Um dos objetivos da política pública de natalidade, que constam do programa do XXIII Governo Constitucional, passa por criar condições para que as famílias possam ter os filhos que desejam, permitindo-lhes desenvolver projetos de vida com maior qualidade e segurança, conciliando o trabalho e a vida familiar e pessoal.

vide Portaria no 198/2022 de 27 de julho

A Portaria no 198/2022 de 27 de julho regula a concretização da medida da gratuitidade das creches e creches familiares, integradas no sistema de cooperação, bem como das amas do Instituto da Segurança Social, I. P., conforme consagrado na Lei 2/2022. 

Mas, com o andar da gerigonça política, quem são as crianças que vão ter realmente acesso a uma vaga gratuita na creche, em Portugal?

  • Primeiro, dizia-se que as creches gratuitas eram para todas as crianças (Julho 2021)
  • Depois, percebemos que a gratuitidade era só para crianças nascidas após 1-9-2021 e que frequentassem o sector social (IPSS com vagas financiadas ou uma ama do Instituto da Segurança Social I.P. (Lei 2/2022 de Jan 2022))
  • Entretanto, concluiu-se que as vagas do sector social não chegam, nem para metade das crianças que precisam desta resposta social, e, já depois das inscrições feitas para o próximo ano letivo, criaram-se novos citérios de acesso a uma vaga gratuita em 27 de julho 2022:
    1. Garantir vaga a quem já frequentou a creche no ano anterior;
    2. Crianças com deficiência/incapacidade;
    3. Filhos de pais menores de idade, crianças em situação de acolhimento ou em casa de abrigo;
    4. Crianças com irmãos na mesma resposta social;
    5. Crianças do 1o e 2o escalão que residem na área de influência;
    6. Crianças do 1o e 2o escalão, cujos pais trabalhem na área de influência;
    7. Crianças de agregados familiares monoparentais ou famílias numerosas, que residem na área de influência;
    8. Crianças que residem na área de influência;
    9. Crianças de agregados familiares monoparentais ou famílias numerosas, cujos pais trabalhem na área de influência;
    10. Crianças cujos pais trabalhem na área de influência.

Afinal,

  1. as vagas já não são para todas as crianças “independentemente do contexto socioeconómico em que vivem”...
  2. nem promovem “uma plena integração e igualdade de acesso de oportunidades a todas as crianças” (vide Portaria no 198/2022)

 

Pergunta 1)

Como se vão aplicar estes novos critérios da gratuitidade depois das inscrições já feitas?

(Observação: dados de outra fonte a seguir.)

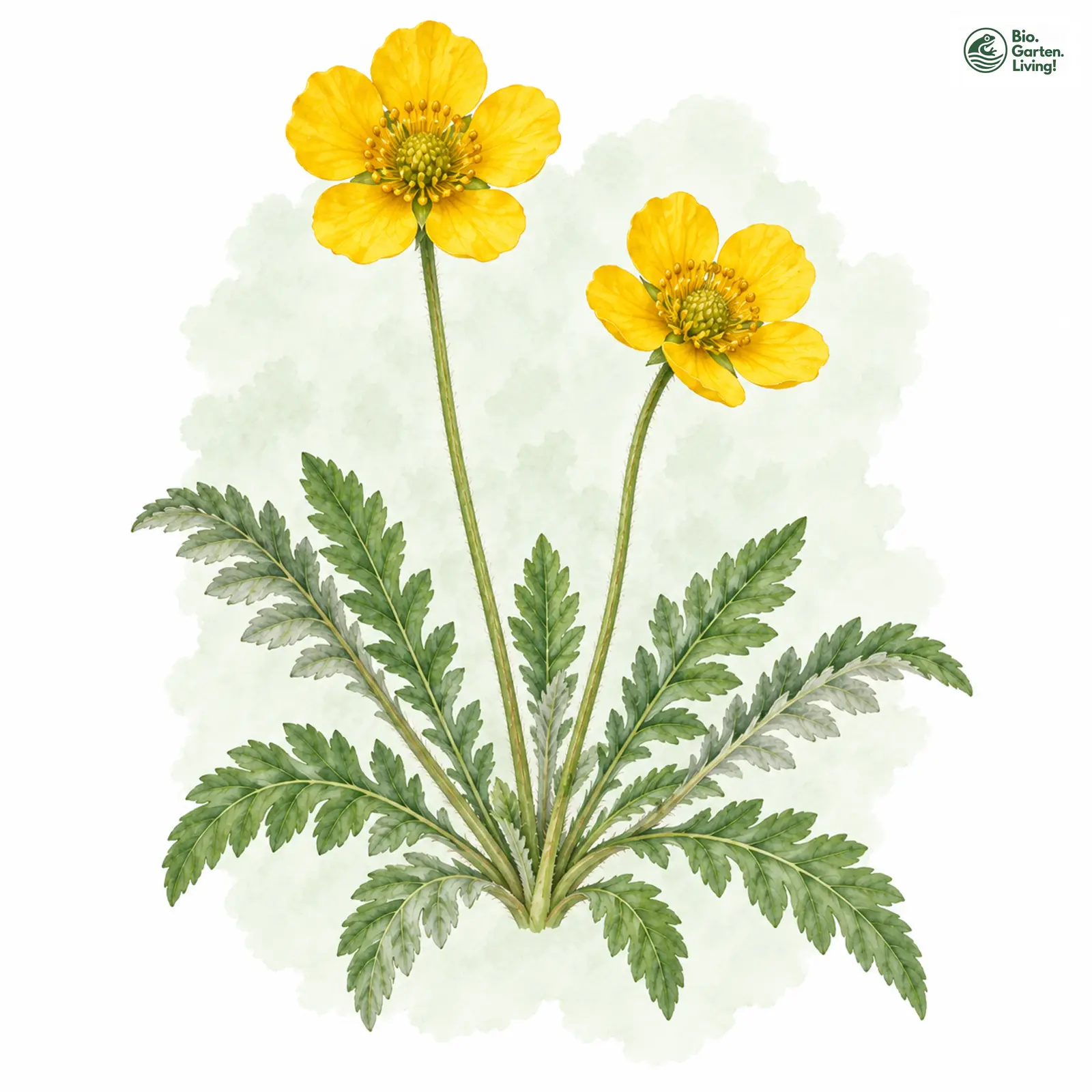 Aquarellzeichnung: Gänse-Fingerkraut (Potentilla anserina)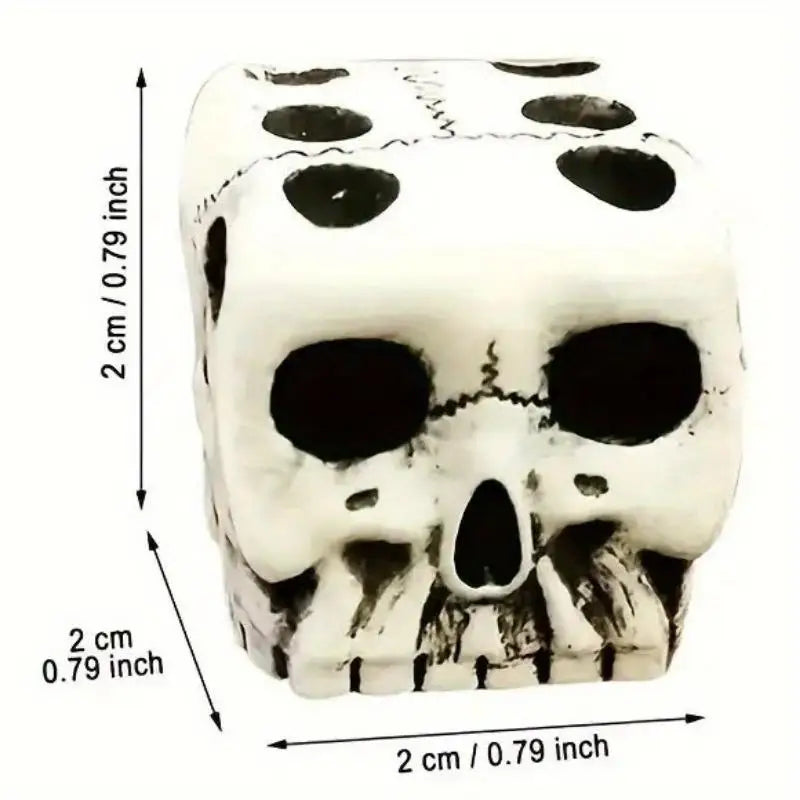 5-Pack White Skull Dice – Halloween Party & Spooky Game Set Novelty Dice Set Babs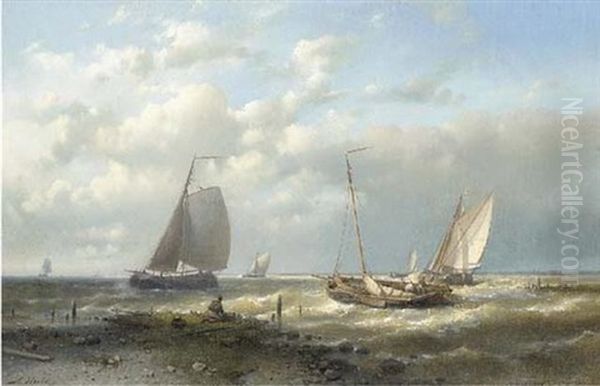 Dutch Barges In Choppy Seas - view 1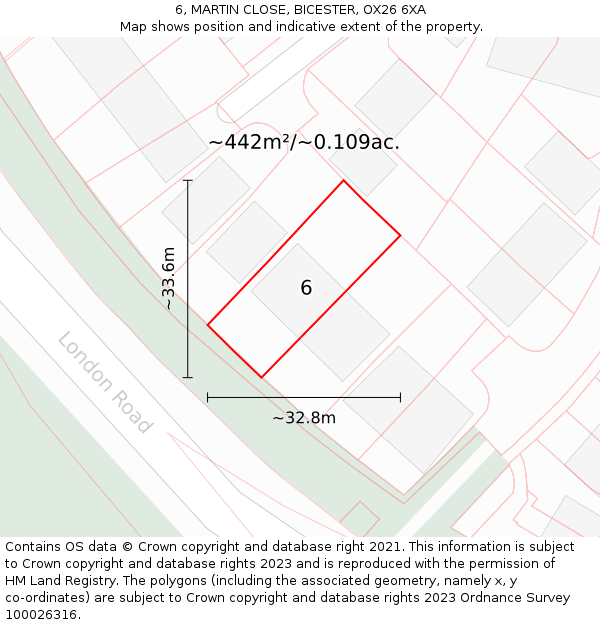 6, MARTIN CLOSE, BICESTER, OX26 6XA: Plot and title map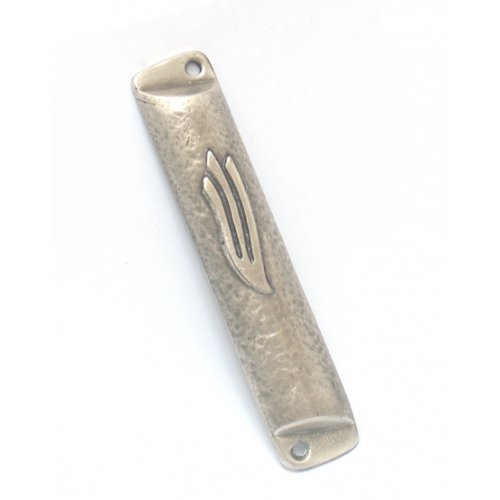 Pewter-Plated Rounded Mezuzah Case - Gray Color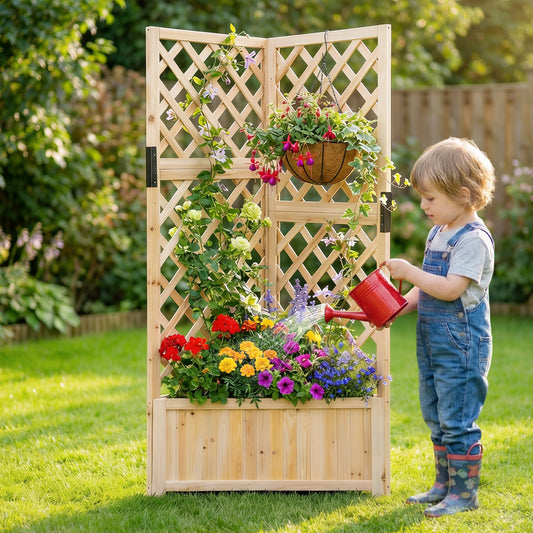 The wooden corner planter with lattice trellises is shown in use with a child watering the colourful flowers and plants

Cancelam-se as inscrições às crianças que não cumprem os critérios e devolve-se o dinheiro? Simplesmente não se cumpre os critérios para quem já estava inscrito?

Pergunta 2)

Se a primeira prioridade vai para crianças que frequentaram a creche no ano anterior (mesmo nascidas antes de 1-9-2021) e se há poucas vagas nas IPSS, quantas crianças dos critérios seguintes vão ter acesso a vagas gratuitas?

Pergunta 3)

Se as prioridades de admissão a vagas gratuitas vão depois para crianças com maiores vulnerabilidades sociais e económicas (o que se compreende), quantas crianças sem problemas sociais e de saúde vão ter acesso a uma vaga  gratuita?

Pergunta 4)

Como se pretende atenuar as diferenças sociais e alcançar a inclusão social com este afunilamento de critérios a uma vaga gratuita?

Pergunta 5)

Se os berçários podem acolher mais crianças do que a lotação permite nas IPSS (para proteger crianças em risco), que qualidade de resposta vai ser dada nestas condições de salas supranumerárias, a estas crianças?

Pergunta 6)

Nas condições propostas com esta portaria, como se cumpre o 11o princípio do Pilar Europeu dos Direitos Sociais que protagoniza “serviços de educação e acolhimento na primeira infância a preços comportáveis e de boa  qualidade”?

Pergunta 7)

As creches particulares têm menos qualidade do que as amas da Segurança Social?

Pergunta 8)

As creches particulares cobrem, em média, mais do que 460€ por criança (custo técnico de uma criança por mês no sector social)?

Pergunta 9)

Onde está o superior interesse da criança?